Colombia's Coffee Harvest Surged to 10.9M Bags in 2013
Colombia produced 10.9 million 60-kg bags of arabica coffee in 2013, the national growers' federation said on Friday, a 41 percent jump over the previous year, helped by improved weather and millions of new trees reaching productive age.
Exports for the year were 9.7 million 60-kg bags, a 35 percent increase over the previous year, the federation's data showed.
The leap in output this year seemed to show that a run of bad harvests from 2008 due to bad weather and the widespread renewal of trees in response to a roya fungus epidemic is now firmly behind the world's top grower of washed arabicas.

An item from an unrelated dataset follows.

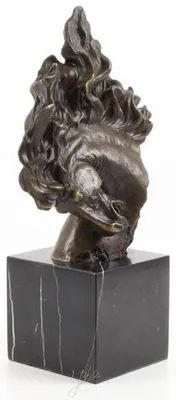 Obrázok produktu pre Casa Padrino luxusná bronzová figúra hlava koňa bronz / zlato / čierna 16,3 x 10,3 x v. 30 cm - Dekoratívna socha s mramorovým podstavcom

In 2012, Colombia's coffee harvest yielded just 7.7 million bags. Officials at the coffee federation see the potential for the crop to expand in the coming years with many more trees still to reach productive age.

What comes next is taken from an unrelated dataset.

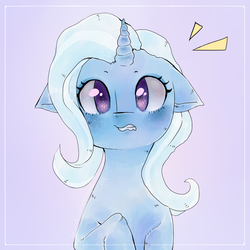 Size: 1000x1000 | Tagged: safe, artist:oouichi, trixie, pony, unicorn, g4, female, mare, solo, surprised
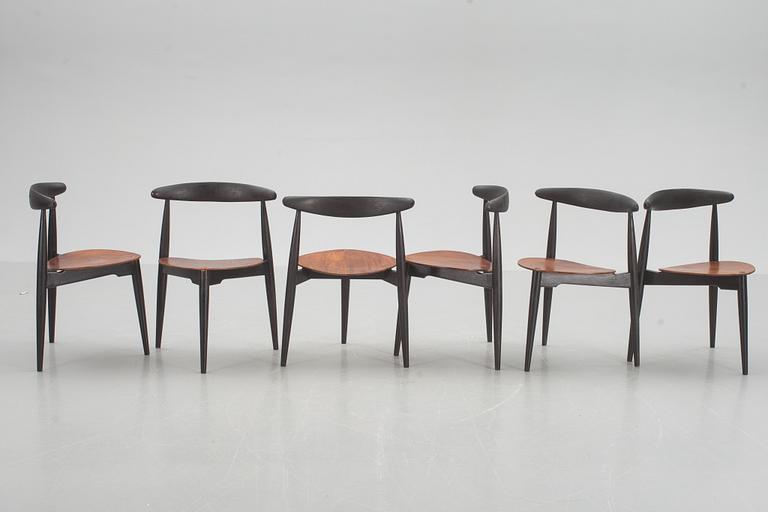 STOLAR, 6 st, "Hjertestolen", Hans J Wegner, Fritz Hansen, Danmark.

The Andean nation has planted 2.8 billion new coffee trees in the last five years, its monthly production bulletin said, noting that it had also leapfrogged Indonesia in 2013 to reclaim the rank of the world's third-biggest coffee grower.
"Greater productivity is contributing to recovering competitiveness. We hope that average productivity will continue to increase in 2014, which will help in part to compensate for the uncertain outlook for international prices," said Luis Genaro Munoz Ortega, head of the coffee growers' federation.